Pullbox Reviews: Villainous #1 – Who watches the… Sidekick?

Villainous follows RepTilly, one of the newest super-powered people to join the Coalition of Heroes through their Sidekick program, as she navigates the dizzying world of Super-Heroes. Working with her idols should be a dream come true. But when she learns too much about her heroes Tilly’s dream quickly turns into a nightmare. As she learns more about the sordid history of the COH, Tilly has to make a choice- Get in line and stand with her heroes or take a stand and risk becoming something more… Villainous.

Who watches the… nope, that’s not it.

Never meet your… uh uh, closer but still the wrong comic.

Stop me if you’ve heard this one. As the premiere team of super powered enforcers of justice, the Coalition of Heroes is beyond reproach. That’s what everyone thinks. That’s what RepTilly thought when she was inducted into the ranks of sidekicks, to serve alongside the pinnacle of heroic endeavor, Showdown. Those illusions last only as long as it takes her to overhear a conversation in which her hero, in an attempt to get into a groupie’s pants, brags about a mission with a less than savory goal.

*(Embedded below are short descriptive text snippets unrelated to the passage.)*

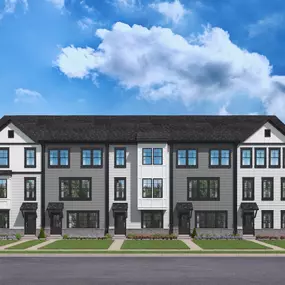 Bild von Nexton by Stanley Martin Homes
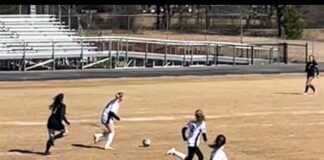 PREP SOCCER: West Point collects wins at Lawrence County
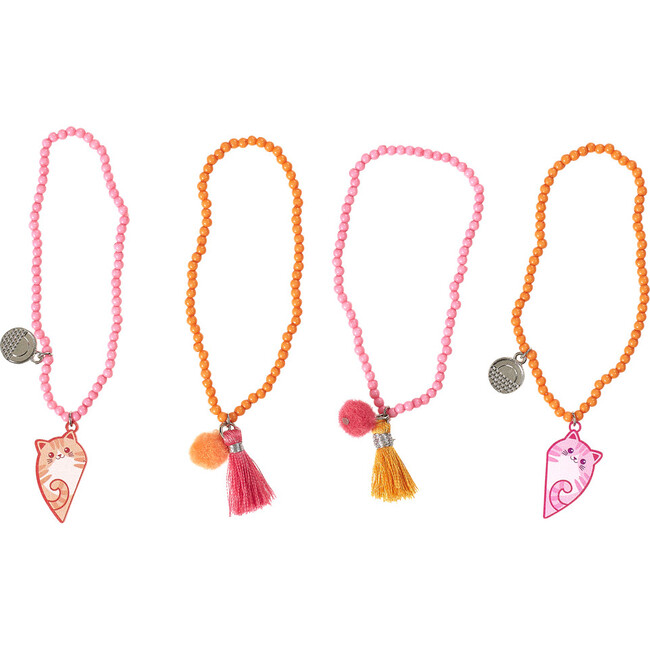 BFF Bracelets, Cats - Bracelets - 3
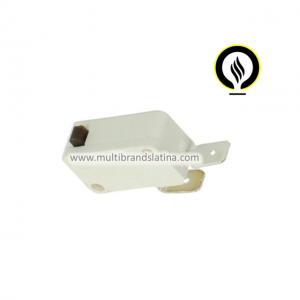 MICRO INTERRUPTOR COMPLETO PARA CALENTADOR START GAS Nº 8717200038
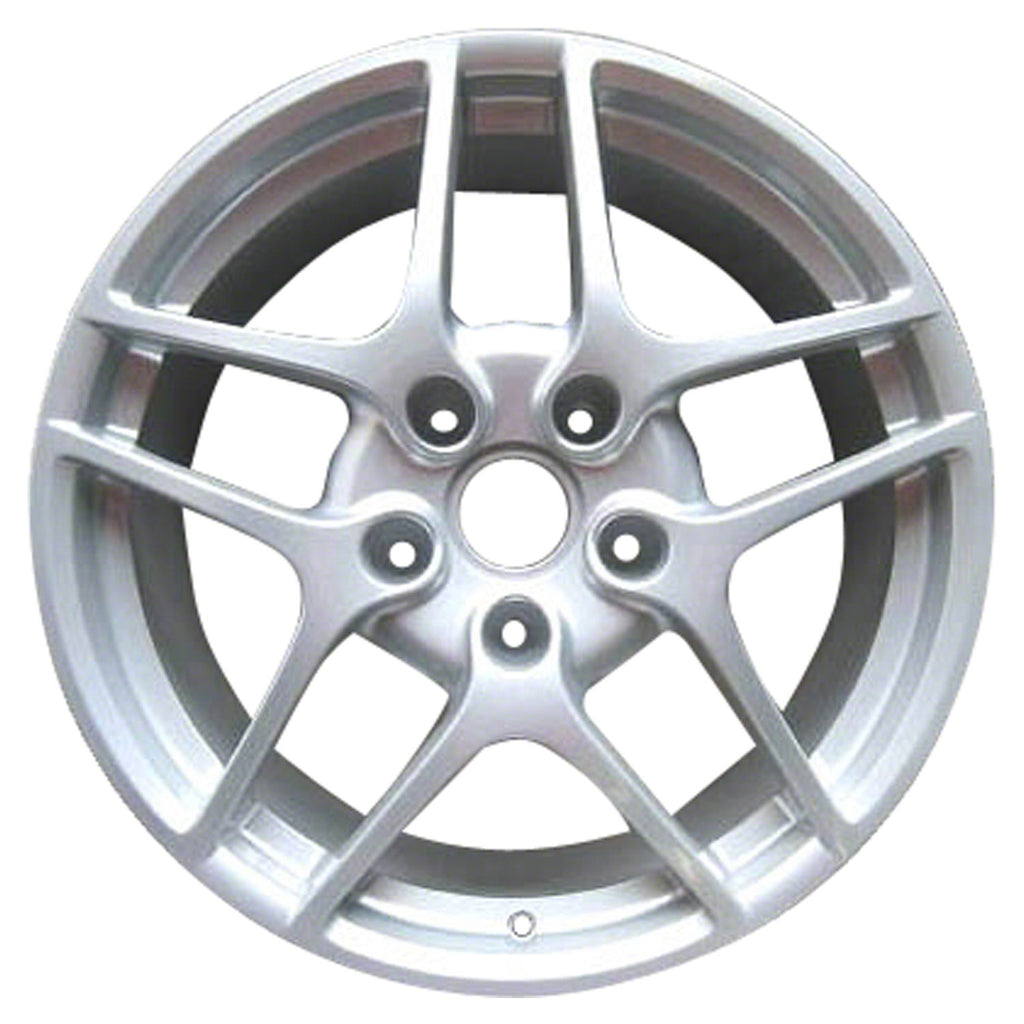 Aluminum Wheel For Porsche 911 2009-2012(ALYPQ030U20)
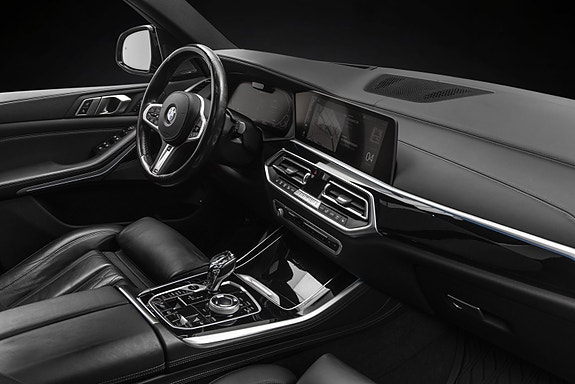 BMW X5 18 of 30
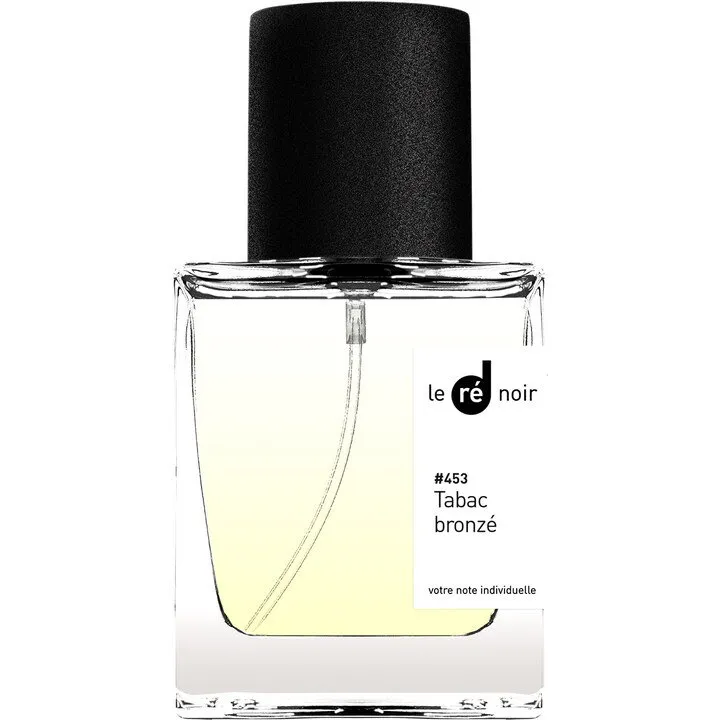 Le Ré Noir #453 Tabac Bronzé perfume bottle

On the surface, it might seem that Villainous has been done before. Not gonna like, that’s kinda what I thought at first. And then I read the first issue and realized that while the theme itself might be familiar, the idea that no hero should be left unchecked or unaccountable, the execution takes a different angle. As Tilly’s eyes are opened to the truth behind the shiny exterior of the COH, her story isn’t told from the perspective of a betrayed colleague or hapless civilian. Tilly’s a star struck sidekick who’s pushed into the unenviable position of facing some pretty hard truths. From there, she has to take her newfound insight to the next logical step…

If the heroes are really the villains, then who are the real heroes?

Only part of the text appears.